Dataset excerpts:
════════════════
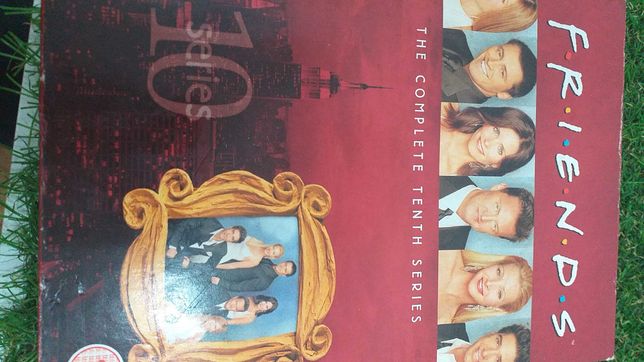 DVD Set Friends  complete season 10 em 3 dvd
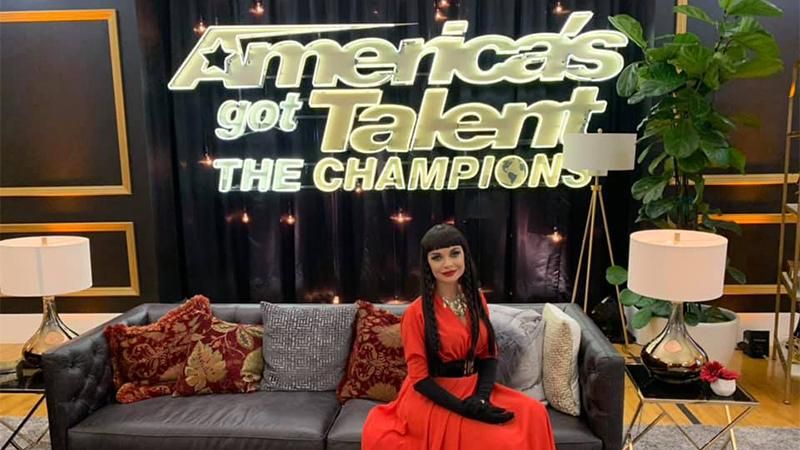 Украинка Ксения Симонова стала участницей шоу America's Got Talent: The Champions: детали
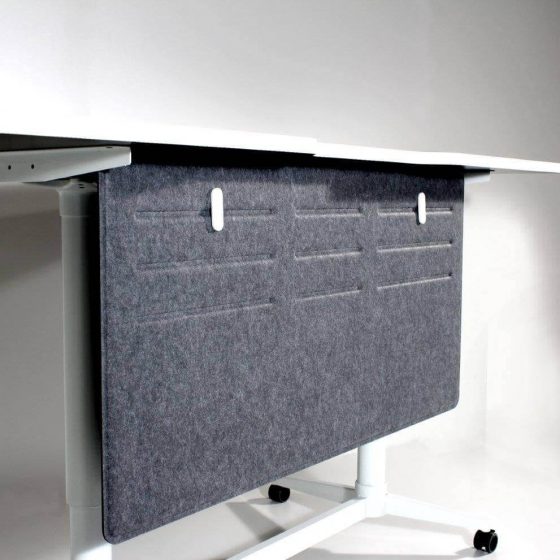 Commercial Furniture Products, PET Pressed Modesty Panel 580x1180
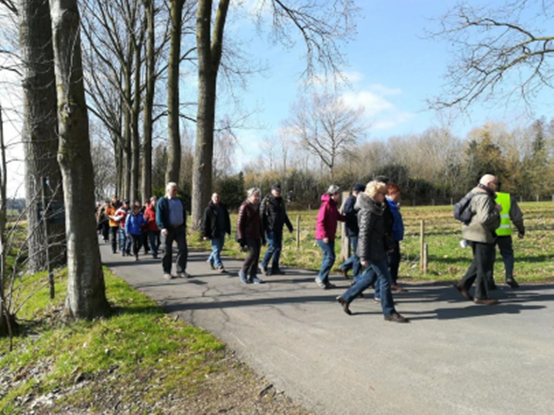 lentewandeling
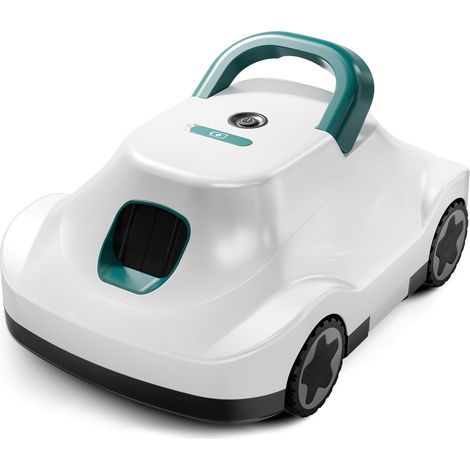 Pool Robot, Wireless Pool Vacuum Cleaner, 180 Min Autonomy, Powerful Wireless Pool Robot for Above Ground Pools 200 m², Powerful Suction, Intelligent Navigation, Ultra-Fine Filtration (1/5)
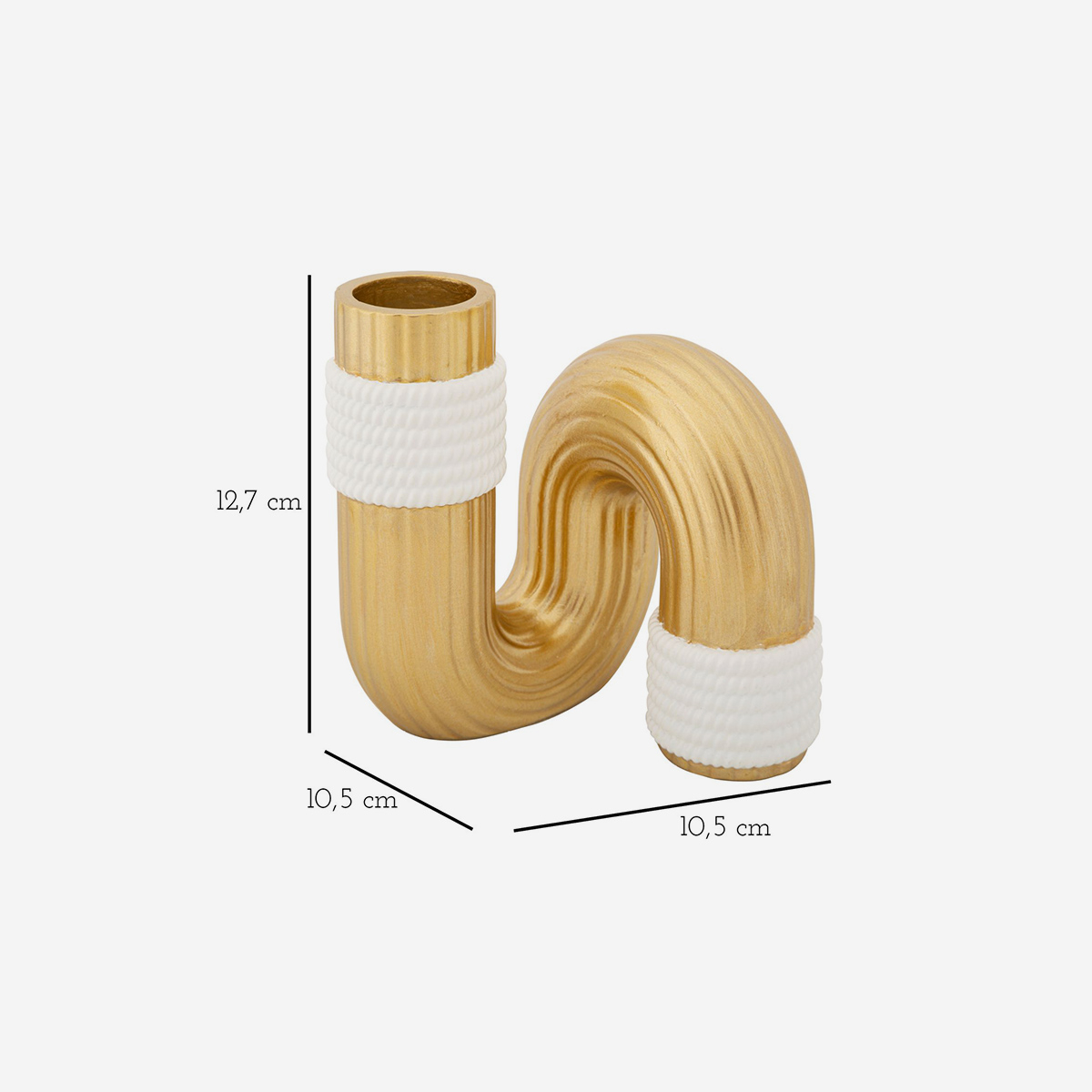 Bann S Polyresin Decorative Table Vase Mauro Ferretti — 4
════════════════
# WHAT THE EXERCISE ASKS
Pictures are not part of the copy. Extract exactly the lines from the line containing "lentewandeling" through the final line of the entries above, both included.

# COMPLETED TASK
 lentewandeling
 Pool Robot, Wireless Pool Vacuum Cleaner, 180 Min Autonomy, Powerful Wireless Pool Robot for Above Ground Pools 200 m², Powerful Suction, Intelligent Navigation, Ultra-Fine Filtration (1/5)
 Bann S Polyresin Decorative Table Vase Mauro Ferretti — 4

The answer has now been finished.